You, Bleeding Childhood by Michele Mari
Sheffield, UK. And Other Stories. 2023. 128 pages.
If “childhood is another country” (as Saint-Exupéry suggested), few writers have mapped its topography, culture, and hidden cave systems as meticulously as Michele Mari in the prose pieces that make up his startling collection You, Bleeding Childhood. Originally published in Italian in 1999, the impressive English translation by Brian Robert Moore has now been released by And Other Stories. In parodic dialogue both with the elaborate literary anamnesis typified by Proust and with contemporary memoir (that easy effusion of retrospective anecdotage often mined for sentiment and nostalgie de la boue), Mari’s stories zoom in on the obsessive paraphernalia of a solitary childhood, bringing philosophical scrutiny to the comics, games, and genre fiction the young Michele would pore over and collect, reconfiguring the apparent frivolity of popular culture with the ludic panache of Roland Barthes in Mythologies.
Fetishized and fraught with subjective meaning, the treasured childhood artifacts Mari excavates from memory are also transitional objects (in Winnicott’s definition), vehicles for navigating the psychological journey toward individuation and managing anxieties about the adult world. In doing so, they also help foster interactions with the somewhat shadowy figures of his parents. When his father gifts him a book in the story “The Black Arrow,” it is invested with abnormal signification, since the son seldom sees the father—also, the fact that there could be two translations of the same text, two versions of the sacrosanct object, is a lesson in multiplicity, the unitary language of childhood fragmenting into the grown-up sphere of difference and plurality. Similarly, in “Eight Writers,” the succession of male maritime authors personified into heroic semblances (as though the authors had become their own doughty protagonists) may be seen as paternal surrogates imaginatively fleshed out via their tales of seafaring and adventure, transposed into the introspective loneliness of the boy Mari.

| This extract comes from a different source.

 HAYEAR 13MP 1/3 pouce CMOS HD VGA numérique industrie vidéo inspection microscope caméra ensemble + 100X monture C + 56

In “Jigsawed Greens,” he shares with his mother an obsessive passion for jigsaw puzzles, and another micronarrative of maturation is played out in the way that their symbiotic teamwork gradually shifts from maternal tutelage ( she “was the architect and forewoman, I the stonecutter”) to a level of extraordinary difficulty where “my mother was unable to follow me all the way,” increasingly undertaken as a separate, solitary activity. Again, the act of piecing together images through ever smaller components takes on a metaphysical dimension:
Following in these maternal footsteps, I learned the fragmentary nature of the world and the discontinuity of being, learned guilelessly the ways of gnosis, learned that no knowledge is granted that does not lead the multiple back to the singular or give form to what is formless.
“Jigsawed Greens” is also an example of how metafictive tropes are made to resonate throughout the book—all these childhood pastimes seem precursors to the formation of the adult writer, whose compulsion to make sense of experience through complex taxonomies of phenomena has its beginnings in these juvenile crazes. This assemblage of stories—beguilingly ambivalent as to how it is balanced between actual memories and fictive elaborations of them—is held up as another provisional taxonomy. In “The Soccer Balls of Mr Kurz,” even the old unseen neighbor, previously envisaged as a curmudgeonly hoarder (perhaps as deranged and misanthropic as his Conradian namesake), is startlingly revealed as an inveterate seeker of order, with nothing more to preoccupy him than the rare, fortuitous alighting of another stray football for his collection: an apt trope for the writer at his solitary desk.
Ultimately, You, Bleeding Childhood is a sophisticated, highly self-conscious work of fiction, playfully jamming together elements of autobiography and literary criticism against bizarre flights of imagination and fantasy, at times recalling the vertiginous fabulism of late Italo Calvino (an erstwhile mentor for Mari). For example, “War Songs” is chiefly concerned with the young narrator’s exhaustive, almost structuralist analysis of a single traditional song his mother used to sing to him, with its hauntingly macabre tale of a wounded, dying captain asking to be cut into five pieces. Yet the final two paragraphs spin off into a different, third-person narrative frame, with the dissection of the captain’s body being related as part of a story that veers strangely into science fiction mode (was the captain in fact an alien presence?) before again switching into the register of epic poetry, suggesting that war (and the war songs that arise from them) are both eternal and universal:
. . . and I, in certain nights, hear them, and think of Hecuba and Andromache, and say, barren land of Troy left sacked, land of Troy turned to glass, land loved ever more as time has passed, after light years and light years of railroad tracks.